13. People will complain to someone in authority if they are bullied.
Not always. Reporting bullying behaviour depends on the reporting processes and the confidence employees have in those processes. People may fear retribution or that their complaint will not be taken seriously. Some may simply choose to leave their employer rather than confront the issue. This leaves an unresolved problem for the organisation and the cost of finding a replacement.
14. Managers don’t need to address behaviour that doesn’t meet the WorkSafe definition of bullying.
Not so. A one-off event might not meet the definition of bullying but may still affect the individual involved and be a pre-cursor to bullying. Any form of inappropriate behaviour that lowers morale and productivity must be addressed.
15. Bullying is hard to detect.
Not if people speak up and managers monitor their workplace. Early indicators of a problem may be an increase in staff absences and turnover or a decrease in productivity.
16. Bullying is hard to prove.
Not necessarily. Look for evidence such as voice mails, emails, a diary of events and any other written documents, and the support of any witnesses.
17. The perpetrator and target can be readily identified.

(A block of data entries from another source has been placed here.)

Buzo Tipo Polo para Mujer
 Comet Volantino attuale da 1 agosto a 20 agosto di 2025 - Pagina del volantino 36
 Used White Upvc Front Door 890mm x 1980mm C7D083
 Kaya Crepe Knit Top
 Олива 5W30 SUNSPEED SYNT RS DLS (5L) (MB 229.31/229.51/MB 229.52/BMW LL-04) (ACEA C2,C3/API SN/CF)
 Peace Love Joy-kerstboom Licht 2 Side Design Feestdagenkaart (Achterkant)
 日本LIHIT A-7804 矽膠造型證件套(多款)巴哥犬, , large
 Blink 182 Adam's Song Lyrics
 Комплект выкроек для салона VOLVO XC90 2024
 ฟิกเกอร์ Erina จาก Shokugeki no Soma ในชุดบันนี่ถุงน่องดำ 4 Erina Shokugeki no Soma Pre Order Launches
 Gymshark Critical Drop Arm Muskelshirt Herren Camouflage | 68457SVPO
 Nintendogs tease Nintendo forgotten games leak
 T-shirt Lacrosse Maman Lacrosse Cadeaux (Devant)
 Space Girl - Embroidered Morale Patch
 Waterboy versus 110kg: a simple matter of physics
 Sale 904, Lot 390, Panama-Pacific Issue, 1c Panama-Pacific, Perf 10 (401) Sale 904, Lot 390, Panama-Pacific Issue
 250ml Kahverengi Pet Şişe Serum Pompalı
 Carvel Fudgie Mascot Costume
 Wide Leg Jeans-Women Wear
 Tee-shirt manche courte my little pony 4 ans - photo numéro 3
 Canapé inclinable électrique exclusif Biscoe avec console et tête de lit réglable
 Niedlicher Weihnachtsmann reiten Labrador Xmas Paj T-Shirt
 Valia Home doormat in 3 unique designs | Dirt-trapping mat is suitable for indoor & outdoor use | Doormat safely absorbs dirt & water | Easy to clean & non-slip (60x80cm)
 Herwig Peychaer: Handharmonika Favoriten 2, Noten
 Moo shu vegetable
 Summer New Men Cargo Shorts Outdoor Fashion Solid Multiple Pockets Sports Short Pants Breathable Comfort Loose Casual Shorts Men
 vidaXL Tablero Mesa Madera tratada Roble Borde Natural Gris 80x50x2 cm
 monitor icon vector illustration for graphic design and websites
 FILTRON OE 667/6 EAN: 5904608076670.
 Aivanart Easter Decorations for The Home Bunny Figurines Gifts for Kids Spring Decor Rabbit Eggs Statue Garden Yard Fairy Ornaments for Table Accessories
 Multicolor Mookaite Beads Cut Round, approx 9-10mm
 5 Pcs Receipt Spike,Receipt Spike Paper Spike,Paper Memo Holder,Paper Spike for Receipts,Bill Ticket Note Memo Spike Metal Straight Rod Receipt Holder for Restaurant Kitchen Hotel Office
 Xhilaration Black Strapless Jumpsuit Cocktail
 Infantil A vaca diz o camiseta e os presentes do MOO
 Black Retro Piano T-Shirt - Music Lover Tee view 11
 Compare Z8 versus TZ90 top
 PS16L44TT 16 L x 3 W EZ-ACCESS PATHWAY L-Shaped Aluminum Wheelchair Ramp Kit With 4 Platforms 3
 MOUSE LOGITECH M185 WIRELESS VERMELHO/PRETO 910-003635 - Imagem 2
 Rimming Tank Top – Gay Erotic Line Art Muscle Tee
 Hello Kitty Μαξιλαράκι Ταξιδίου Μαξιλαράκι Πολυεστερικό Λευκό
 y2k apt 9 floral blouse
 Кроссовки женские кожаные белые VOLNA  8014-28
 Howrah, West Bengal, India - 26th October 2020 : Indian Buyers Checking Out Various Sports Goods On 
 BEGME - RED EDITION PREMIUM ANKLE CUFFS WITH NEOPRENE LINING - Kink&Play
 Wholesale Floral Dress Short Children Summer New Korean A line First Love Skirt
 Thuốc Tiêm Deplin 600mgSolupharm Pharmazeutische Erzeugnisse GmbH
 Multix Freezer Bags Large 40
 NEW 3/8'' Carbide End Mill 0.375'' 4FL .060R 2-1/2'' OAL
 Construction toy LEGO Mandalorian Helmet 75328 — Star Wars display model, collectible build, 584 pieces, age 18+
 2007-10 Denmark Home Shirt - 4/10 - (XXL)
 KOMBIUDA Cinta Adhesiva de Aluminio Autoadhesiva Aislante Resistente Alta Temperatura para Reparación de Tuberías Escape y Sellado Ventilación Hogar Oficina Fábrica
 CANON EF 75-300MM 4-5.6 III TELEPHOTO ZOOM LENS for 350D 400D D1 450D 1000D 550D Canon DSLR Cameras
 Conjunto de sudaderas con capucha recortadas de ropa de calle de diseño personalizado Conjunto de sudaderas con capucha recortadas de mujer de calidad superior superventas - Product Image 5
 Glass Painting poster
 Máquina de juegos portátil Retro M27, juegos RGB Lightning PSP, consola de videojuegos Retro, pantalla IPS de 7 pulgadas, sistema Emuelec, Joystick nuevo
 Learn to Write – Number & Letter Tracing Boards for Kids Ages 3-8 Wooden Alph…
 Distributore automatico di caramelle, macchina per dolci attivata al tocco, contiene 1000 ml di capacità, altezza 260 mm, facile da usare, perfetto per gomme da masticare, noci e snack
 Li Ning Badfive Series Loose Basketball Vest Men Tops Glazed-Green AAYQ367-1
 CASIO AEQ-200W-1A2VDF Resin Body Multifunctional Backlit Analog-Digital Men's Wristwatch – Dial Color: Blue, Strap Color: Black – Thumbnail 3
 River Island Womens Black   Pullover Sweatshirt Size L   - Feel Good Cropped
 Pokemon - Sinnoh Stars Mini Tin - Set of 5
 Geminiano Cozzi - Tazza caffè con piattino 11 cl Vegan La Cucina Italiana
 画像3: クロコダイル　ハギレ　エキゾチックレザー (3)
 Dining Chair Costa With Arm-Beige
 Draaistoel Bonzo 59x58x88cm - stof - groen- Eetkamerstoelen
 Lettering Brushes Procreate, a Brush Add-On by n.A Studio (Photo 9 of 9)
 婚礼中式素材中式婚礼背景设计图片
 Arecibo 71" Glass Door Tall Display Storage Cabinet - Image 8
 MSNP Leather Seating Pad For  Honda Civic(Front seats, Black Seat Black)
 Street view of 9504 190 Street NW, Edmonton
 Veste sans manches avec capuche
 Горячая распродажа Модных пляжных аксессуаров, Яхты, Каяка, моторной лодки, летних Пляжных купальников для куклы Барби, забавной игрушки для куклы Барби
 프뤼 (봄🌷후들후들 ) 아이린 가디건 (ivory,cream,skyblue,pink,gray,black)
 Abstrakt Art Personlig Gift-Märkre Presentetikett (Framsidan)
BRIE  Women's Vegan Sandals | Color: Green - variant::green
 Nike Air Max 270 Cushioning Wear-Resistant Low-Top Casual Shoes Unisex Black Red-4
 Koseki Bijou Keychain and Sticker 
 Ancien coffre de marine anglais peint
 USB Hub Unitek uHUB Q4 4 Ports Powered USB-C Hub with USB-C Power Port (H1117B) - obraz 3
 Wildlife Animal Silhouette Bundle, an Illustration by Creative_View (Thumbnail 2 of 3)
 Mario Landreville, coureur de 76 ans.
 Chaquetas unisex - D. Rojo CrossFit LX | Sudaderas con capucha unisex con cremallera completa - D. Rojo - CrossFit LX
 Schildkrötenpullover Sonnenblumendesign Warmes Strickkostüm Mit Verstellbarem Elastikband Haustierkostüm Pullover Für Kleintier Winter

Not necessarily. Perpetrators and targets may switch roles, retaliate and blame one another. They may both see themselves as victims.
18. People accused of bullying deserve less support than the alleged victims.
People accused of bullying, whether found guilty or not, can suffer psychological damage. It is therefore critical that all parties are treated with respect and offered confidential counselling and support.
19. Relationships will be restored once the bullying stops.
It takes time for people to think more positively about their work if they have been bullied. While their perceptions of the organisation and their manager improve, even after 12 months, they are less positive than someone who has never been bullied. The bullying may undermine their confidence and self-esteem, making them more sensitive in interactions with others.